All countries, and especially big powers shouldering major responsibilities for world peace, are obligated to strictly abide by the guidelines laid down by the five permanent members of the U.N. Security Council to restrict the proliferation of conventional weapons so as to contribute to maintaining and promoting regional peace and security. However, at a time when relations across the Taiwan Straits are easing up, certain powers have seen fit to renege on their undertakings under international agreements and to flout the Chinese Government’s repeated strong representations by making arms sales to Taiwan, thereby whipping up tension between the two sides of the Straits. This not only constitutes a serious threat to China’s security and an obstacle to China’s peaceful reunification, but also undermines peace and stability in Asia and the world at large. It stands to reason that the Chinese people should voice strong resentment against this conduct.
In international affairs the Chinese Government always pursues an independent foreign policy of peace and adheres to the Five Principles of mutual respect for sovereignty and territorial integrity, mutual non-aggression, non-interference in each other’s internal affairs, equality and mutual benefit and peaceful Co-existence. It actively seeks to develop friendly relations with all countries of the world and will never undermine any country’s interests nor interfere in its internal affairs. By the same token it expects all other governments to refrain from undermining China’s interests or interfering in China’s internal affairs and to correctly handle their relations with Taiwan.

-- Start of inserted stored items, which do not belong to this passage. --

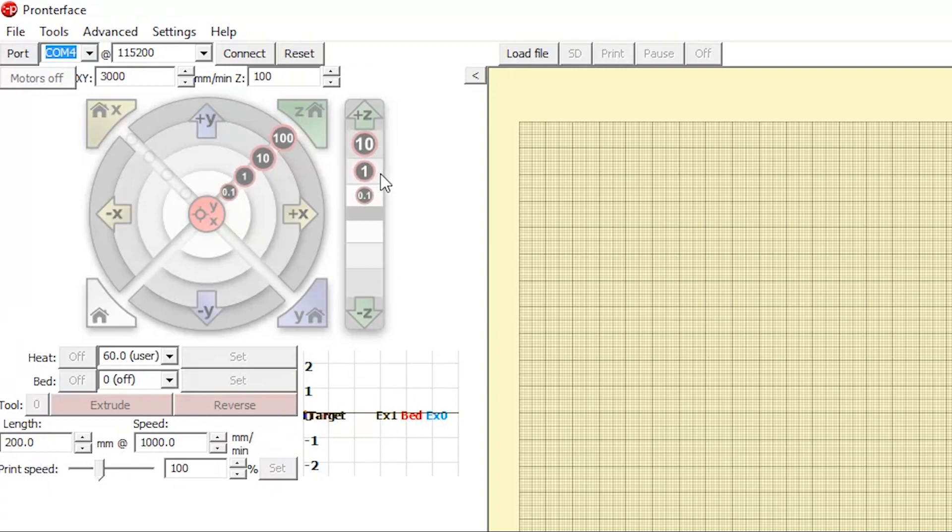So clicking plus Z will move the bed down, increasing the distance between the needle of your syringe and the bed of the printer, and clicking minus Z will move the bed up.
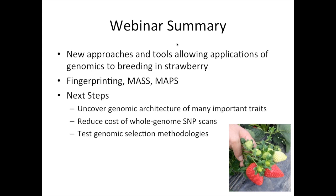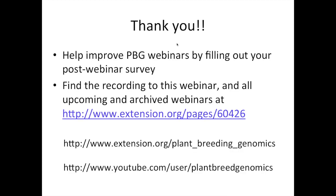With that, I believe I've talked long enough, and I'm happy to take any questions. Thank you very much for your attention. Thank you for joining us again, Vance. Thank you for your presentation, and thank you to the audience for coming. That concludes our webinar.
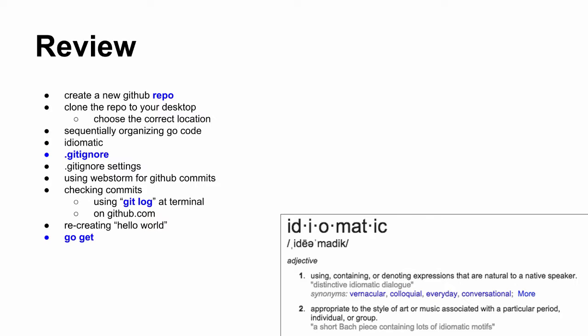So basically what it means is like, hey, what's the natural way that people natively write Go code? What's the best way to write Go code? So that's idiomatic when you see that word in the Go documentation. So idiomatic Go code is the kind of code you want to write. This is the right way to write it.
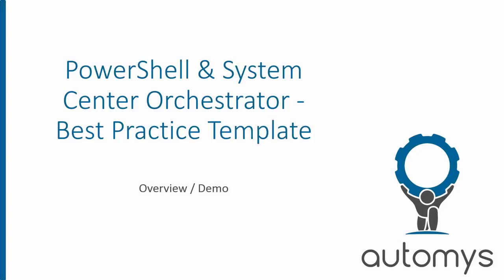Hi, this is Noah with Otimus, and in this video we'll look at a template for how to use PowerShell within a System Center Orchestrator runbook.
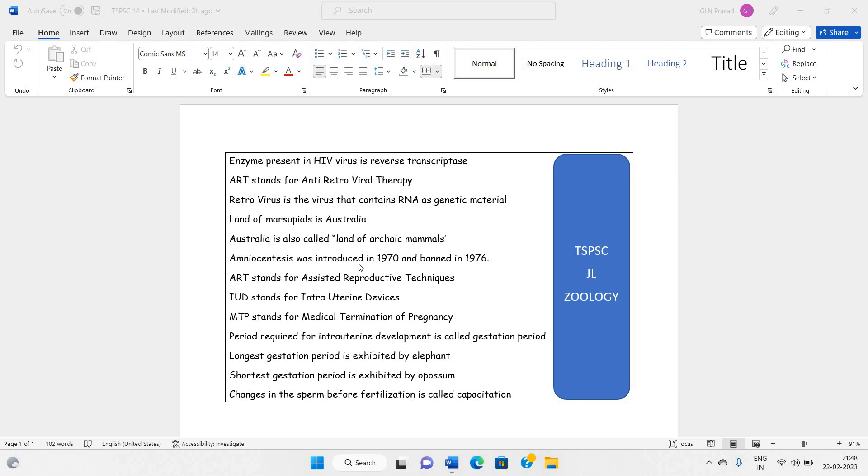Amniocentesis was introduced in 1970 and banned in 1976.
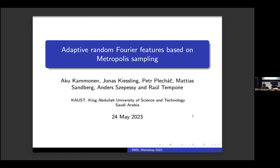Let's continue with the session of this afternoon. We have the talk from Akku Kamonen. Akku is a PhD at KTH and is currently a postdoc here at our group. Akku will be talking about his work named adaptive random Fourier features based on Metropolis sampling. Thank you for the introduction and for giving me the opportunity to give a talk here.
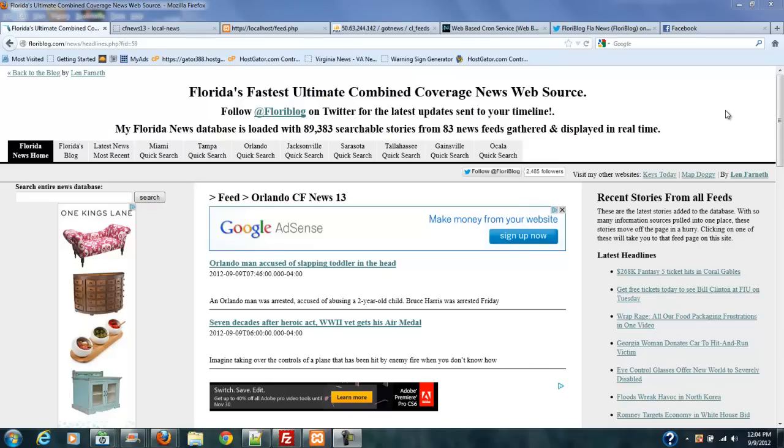Hi, thanks for watching my video. I want to give you a little introduction as to what we're going to be doing with this series of RSS feed videos that I'm going to be coming up with.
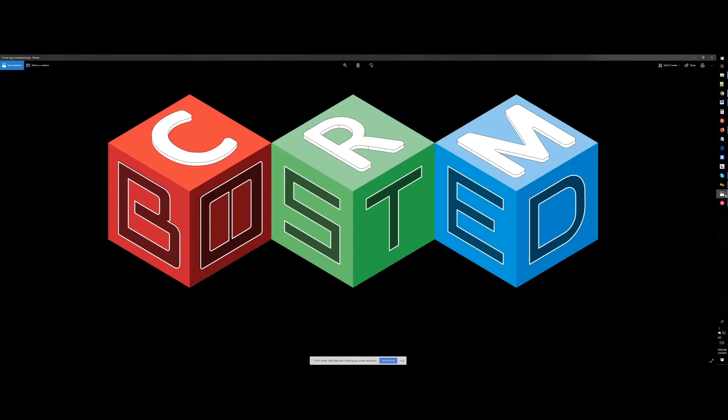Hello, this is Mark from Boosted CRM. Today I'm going to show you how we integrated a payment system with Zoho Books, Zoho CRM and Inventory.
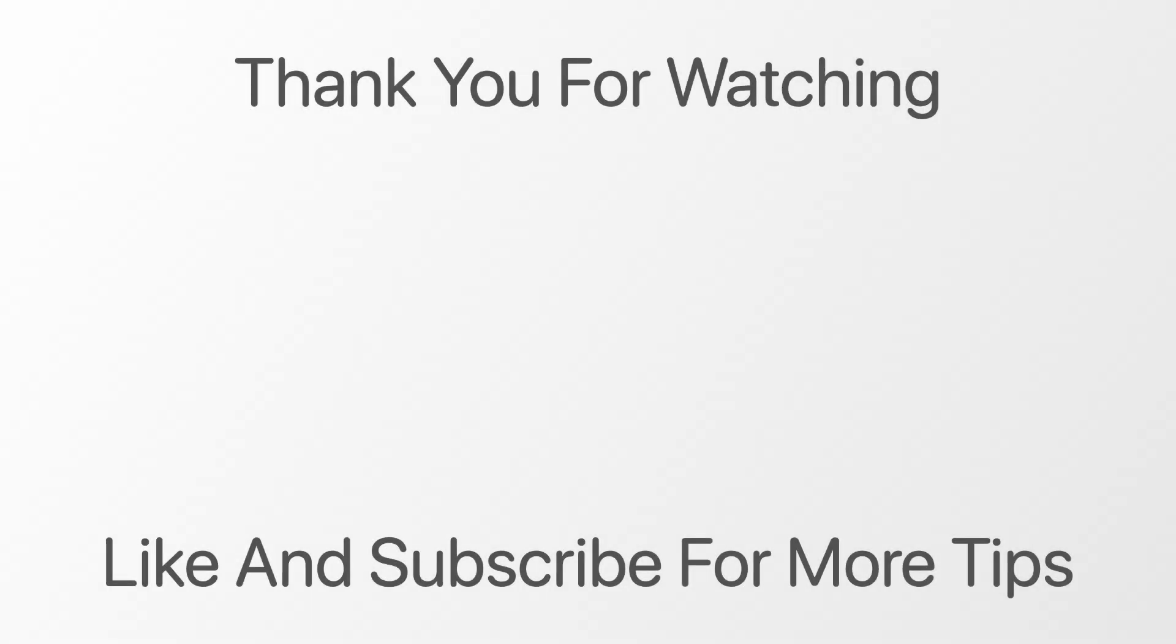Thanks for watching, I hope you found the video useful. If you want more iPhone and iOS tips and tricks like this one, I have a playlist of them here on the left. And if you want to watch my latest video, it's here on the right.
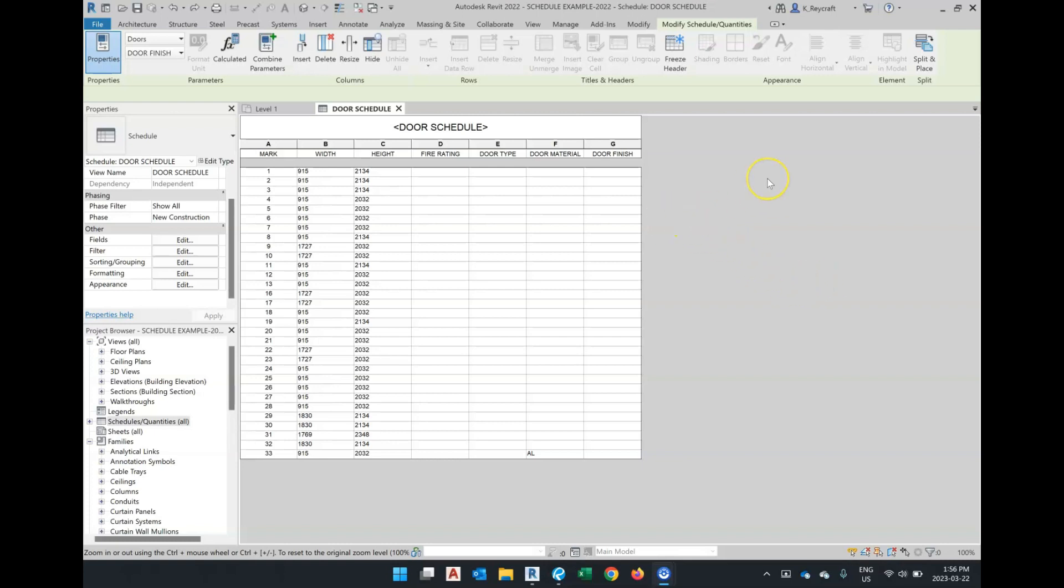But in some situations, you want to create a schedule where you have columns underneath a larger header. In doing that, you can categorize multiple columns or multiple groups of fields.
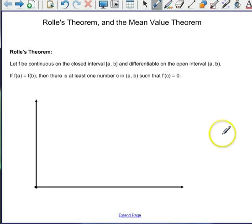Rolle's Theorem and the Mean Value Theorem — both really important and very closely related. Let's look at Rolle's Theorem first.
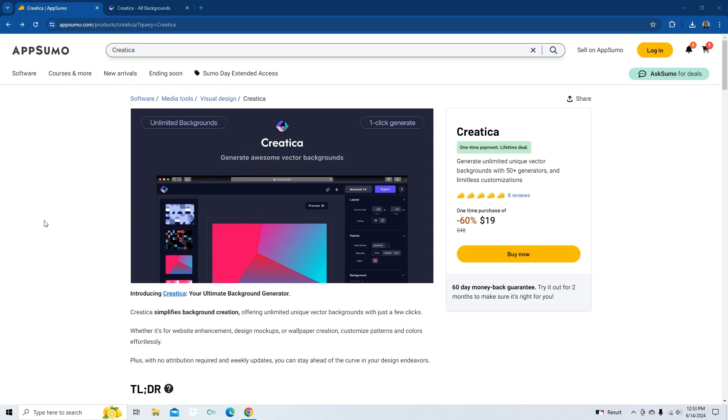Hi everyone, it's Phil with LearnWire, and today on AppSumo, we're going to check out Creatica, your ultimate background generator.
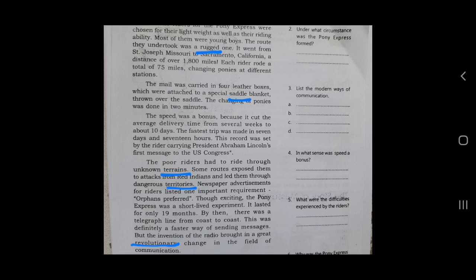Now look at the textual questions. Question number two: Under what circumstance was the Pony Express formed? What was the reason for the Pony Express? In which situation was it formed? The answer is in the previous paragraph — in the 1850s.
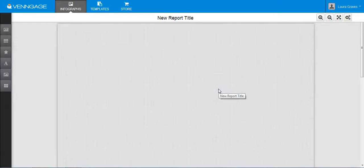Venngage doesn't offer any public templates, so you'll have to start from scratch. Once you create your graphic though, you can save it into your templates and use it later.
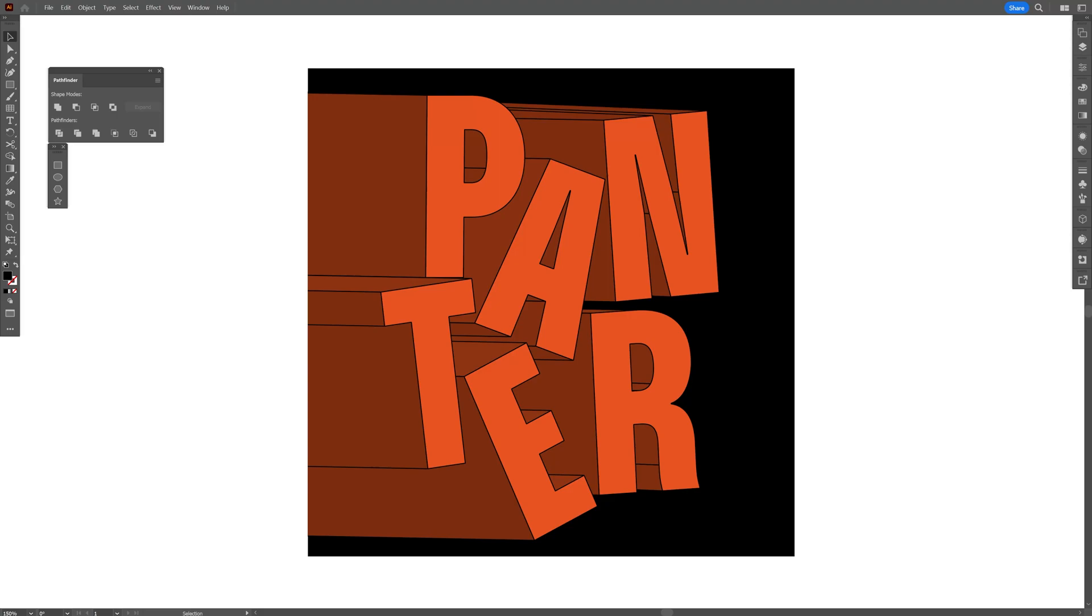All right, today we're going to check out the Touch Type tool, which is kind of a neglected tool that I don't really use that often. I only present it in these tutorials, but it's pretty handy, I gotta tell you that. And I'm going to show you how to do this 3D text in Illustrator. Let's do this.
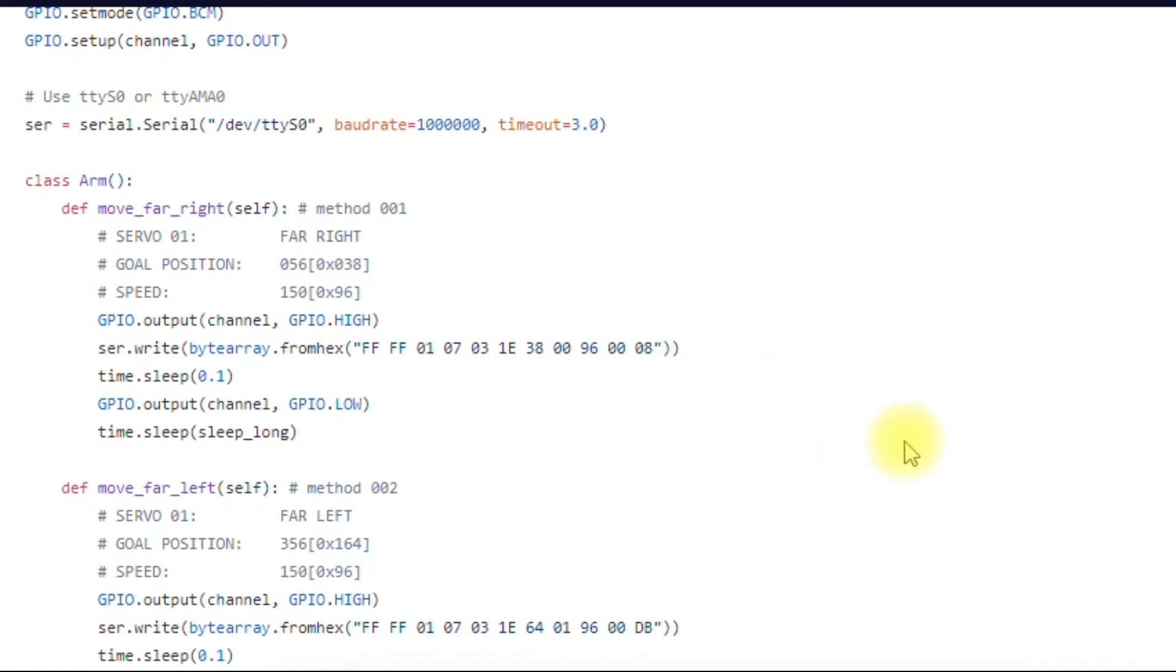And what we're going to talk about next is how to actually change the numbers and observe how it affects the motors in real time.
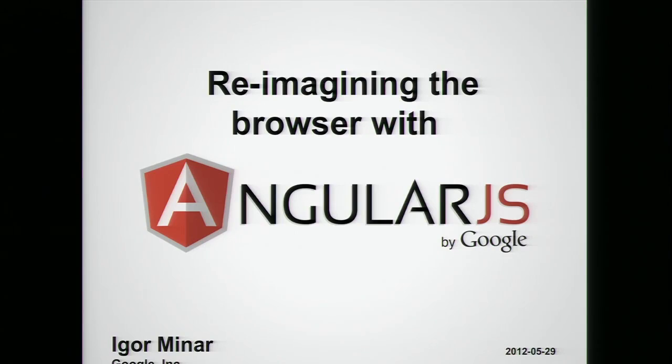Hi, everybody. My name is Igor, and I came here to talk to you about AngularJS, and specifically about how AngularJS can help you reimagine what a browser is and what it can do for you.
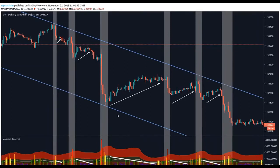In between these shaded areas we see the pullbacks, shown by the arrows. On these pullbacks, as shown by the decrease in the white line, the volume is actually decreasing. So in between these moves in the direction of the trend we've seen greater volume — this is where institutions are selling into the pullbacks. But when the pullbacks begin, the volume reduces.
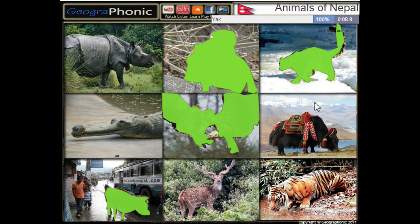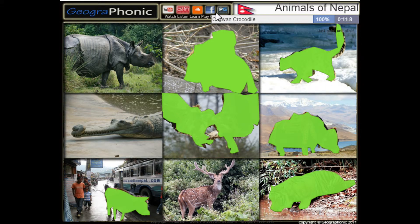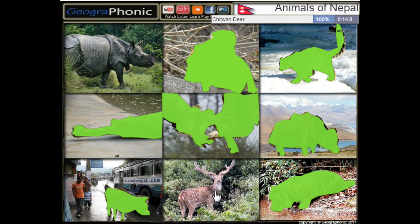This is a snow leopard. This is a yak. This is a tiger. This is a Chitwan crocodile. And a Chitwan deer. And a rhinoceros unicornis.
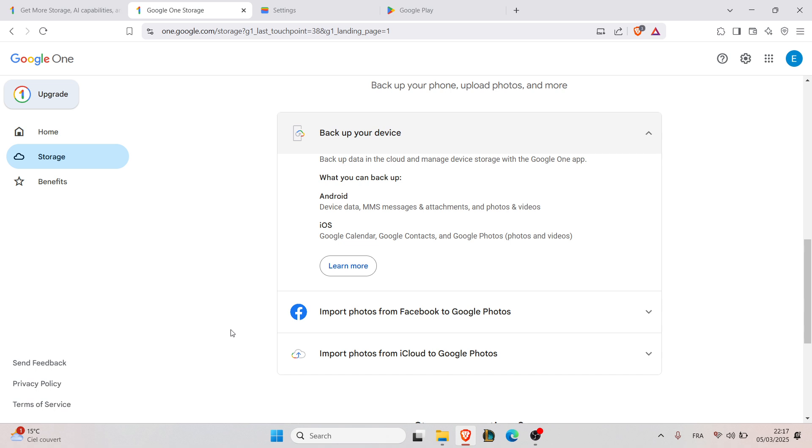The second step is to restore on a new device. Now if setting up a new phone, select restore from Google backup during the setup and sign in with the same Google account.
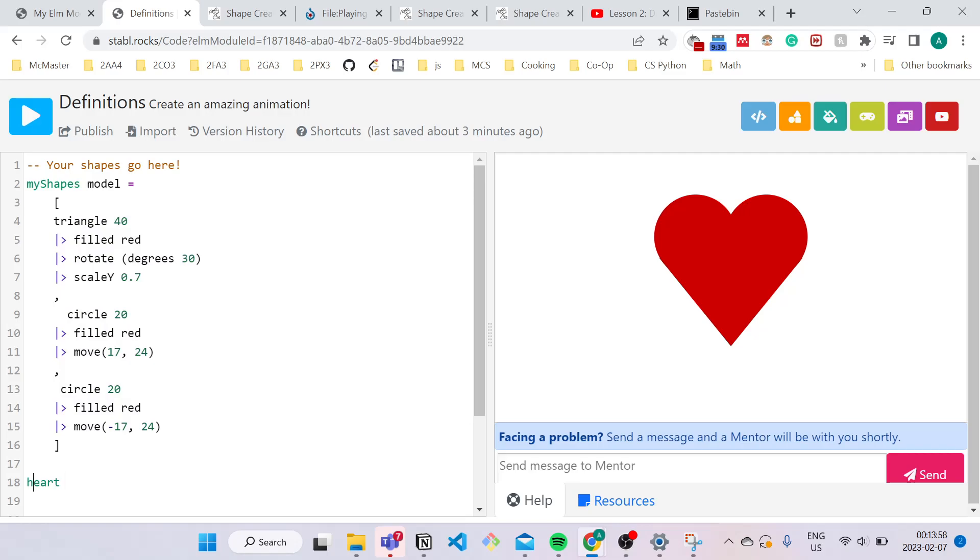And let's say I try to start this off with an uppercase letter. This won't be valid. This is not a correct definition name.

Reunification of the country embodies the fundamental interest of the Chinese nation.
After national reunification the two sides of the Taiwan Straits can pool their resources and make common cause in economic development and work towards China’s resurgence. Numerous problems that have been besetting Taiwan would be judiciously resolved within the framework of one China. Taiwan compatriots will share the pride and glory of a great nation with their kith and kin from the other parts of the motherland.
Taiwan question has long been a destabilizing factor in the Asia-Pacific region. Reunification of China will not only bolster the stability and development of the country itself, but also contribute to the further enhancement of the friendly relations and cooperation between China and other countries as well as to peace and development in the Asia-Pacific region and the world as a whole.
The Chinese Government is confident that it can count on the understanding and support of governments and people of all countries in the pursuit of its just cause of safeguarding its state sovereignty and territorial integrity.